The observation focus is typical during data capture, for insertion of a result into a data-store, and for evaluation and quality control of single results. Thus, the "observation" view is most important in the earlier stages in the value-adding chain. Information provided in this primitive, fully-normalised view can be readily composited to construct the row- or column-oriented summary views, so this view may be considered the most generic.
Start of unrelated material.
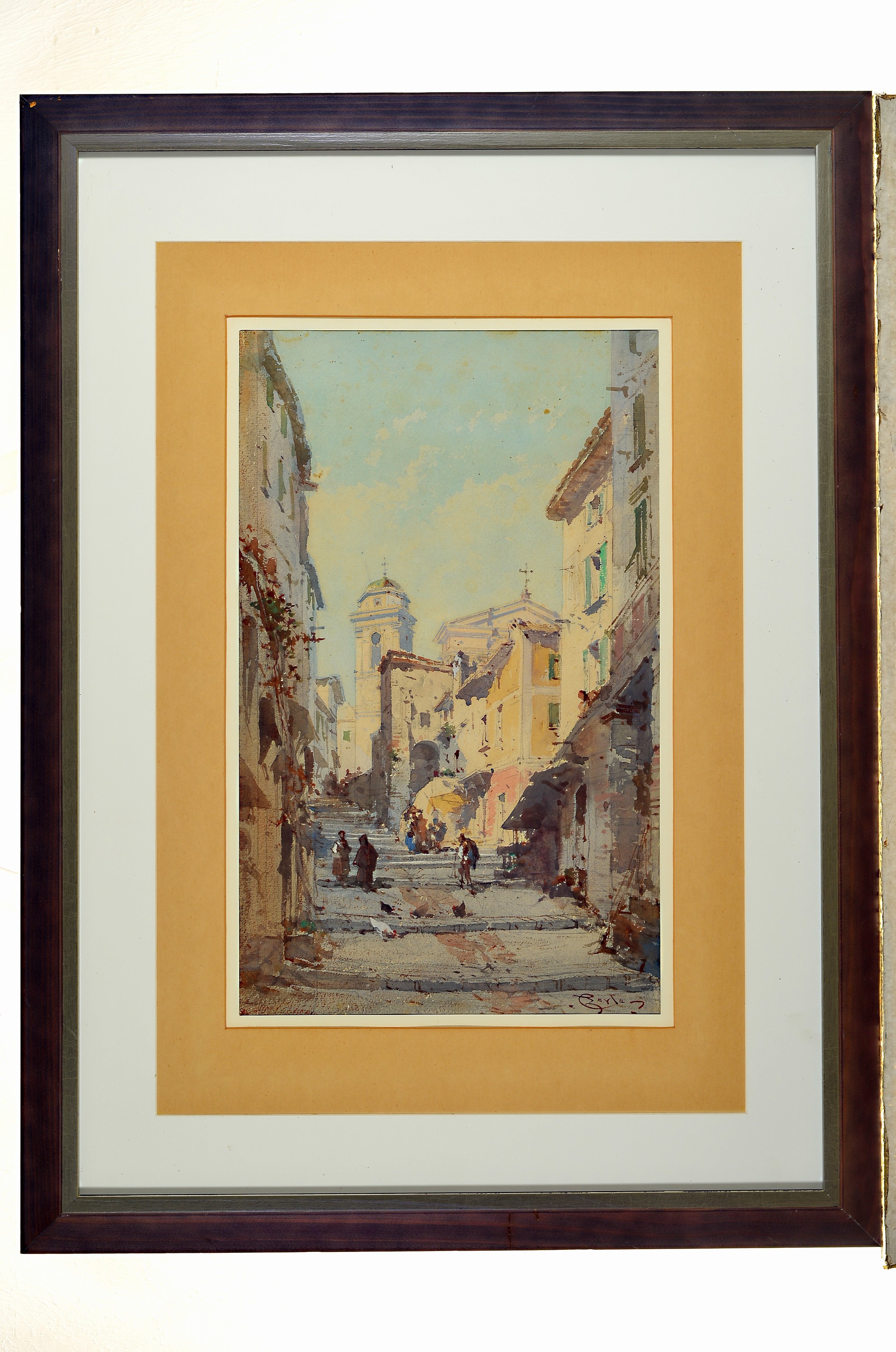 Emmanuel Costa, 1833-1921 Nizza, Ruele du Vieux Nice, Aquarell, rechts unten sign., ca. 45x28cm, PP, u.Gl., R. ca. 77x57cm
The table of Geochemistry Results supplied by GA follows this pattern.

Column or "Coverage" view

The variation of a property as a function of location is sampled by the values in a single column. This view of the information corresponds with a coverage, which is a spatial function. It may be represented

  • as a set of simple features each having a location plus one other property
  • using a special coverage feature, which uses a more compact notation in which the values in the domain and range are grouped separately.
In a "GML" representation this might appear:

<Coverage gml:id="cub345">
   <metaDataProperty>
      ... description of data capture method, processing and interpolation (if necessary), etc ...
   </metaDataProperty>
   <domain>
      <MultiPoint gml:id="d345">
         <member>
            <Point gml:id="pon456"><pos srsName="gda1994">-33.0 145.8</pos></Point>
         </member>
         <member ... />
         <member ... />
         <member ... />
      </MultiPoint >
   </domain>
   <range>
      <BandList>
         <measureList uom="percent" property="urn:iugs:ontology:materials:concentration:Cu">4.23 3.12 1.02 ...</measureList>
      </BandList>
   </range>
</Coverage>

(The values of Cu concentration are understood to be listed in the same sequence as the memebers of the domain.)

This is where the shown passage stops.